The lucky number for the S&P500 was four, which after three aborted attempts to take out the January 15 all time high, finally succeeded on the fourth try materializing in a furious buying panic in Spoos in the last minutes of trading. However, in terms of catalyst, there was absolutely nothing to push the market to new highs: durable goods were a disappointment as we explained earlier (and led banks such as Barclays to further lower their GDP forecast for the year), while initial claims rose to the highest of the year. Which leaves only Yellen as the factor, although as can be seen on the chart below, one can just as easily say once US traders walked in today, the channel lift algo was activated, and with Spoos meandering all day in a straight line within the channel, finally burst through to highs with the closing print.

 

Of course, in a catalyst free world, it meant that something else was driving equities higher, and that something as usual was a carry funding pair, only today it was not so much the USDJPY as it was the AUDJPY shown below.

 

Not everyone bought it, however, with bonds trading in a tight range and closing at a lower yield once again, and now back to early 2013 levels.
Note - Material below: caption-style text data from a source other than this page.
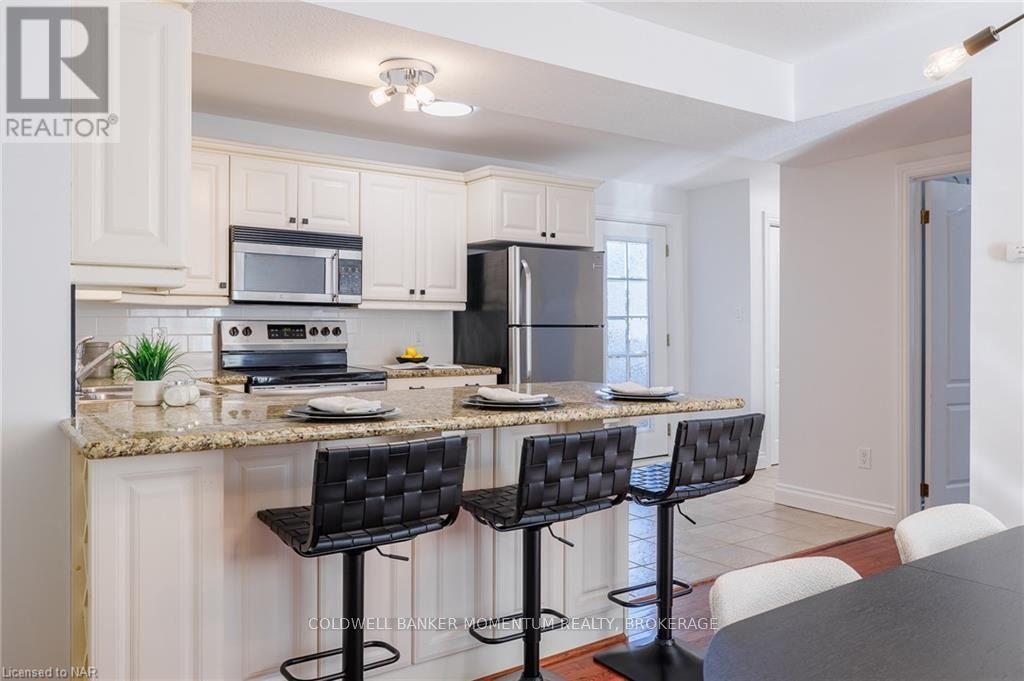 255a Lakeshore Road, St. Catharines (Lakeshore), Ontario  L2M 1R9 - Photo 8 - X9420149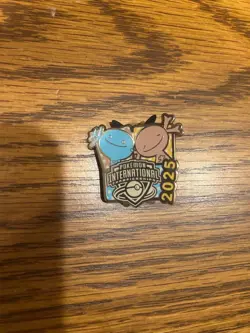 Pokemon 2025 NAIC Psyduck Playmat + FREE NAIC Wooper Pin - Image 4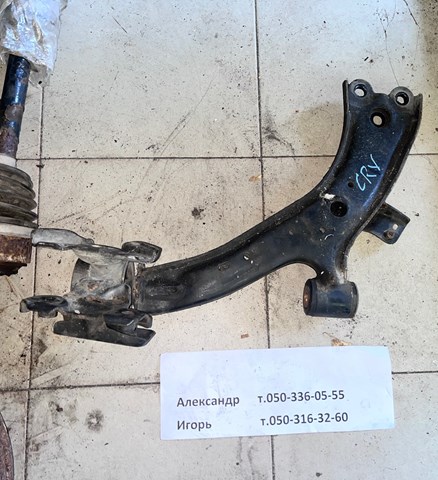 Правий важіль передній нижній підвіски 51350SWAE01 HONDA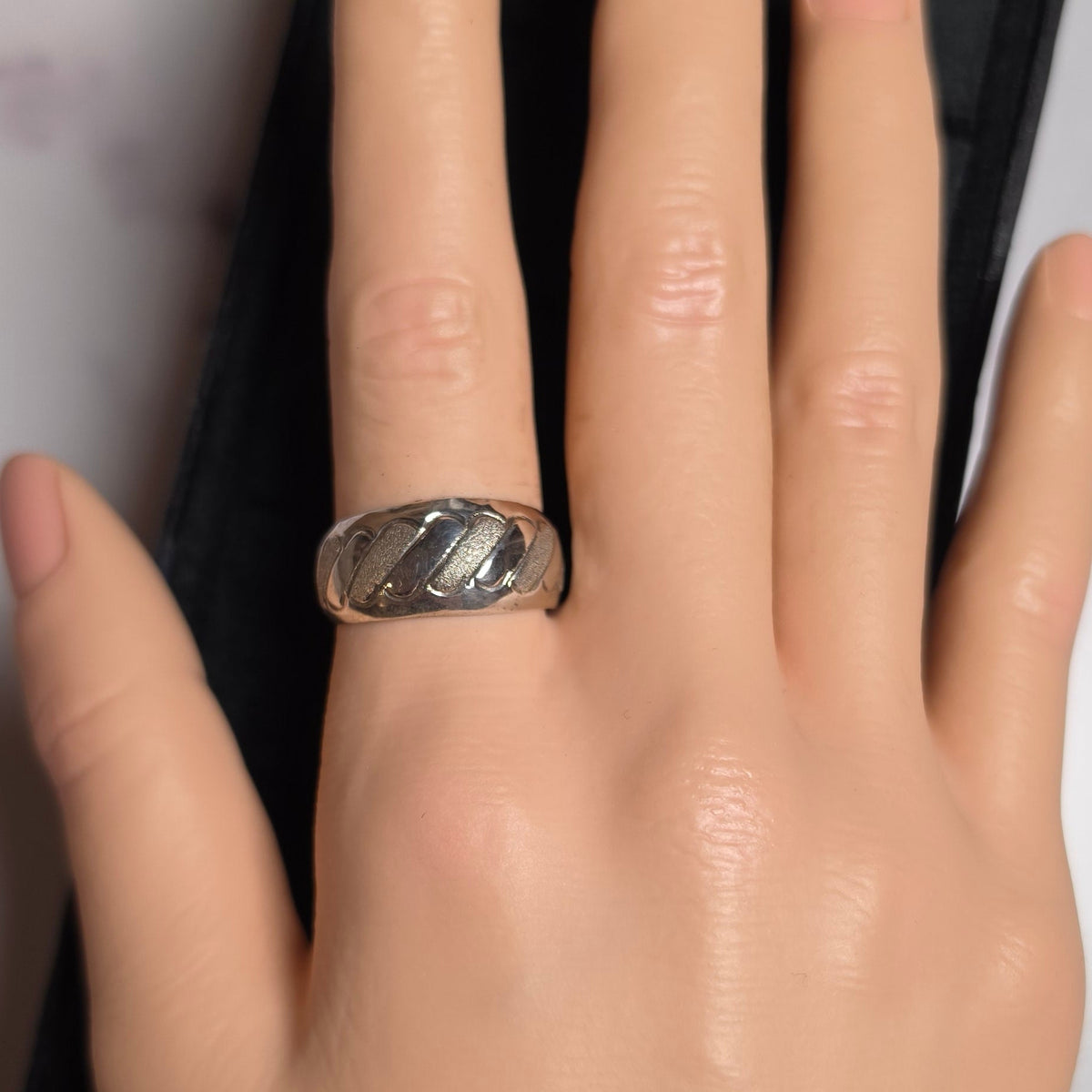 Native Made Sterling Band Size 8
Then again, in the New Normal all that matters is the wealth effect, aka stocks. And what do bonds know anyway.

So with conflict in the Crimea, economic data continuing to deteriorate far beyond simply “weather”, emerging markets still unsettled and likely to get worse as the taper continues and the US current account deficit shrinking, and the Chinese economy set for a “volatile year” in its own words what can one say but… it’s all priced in.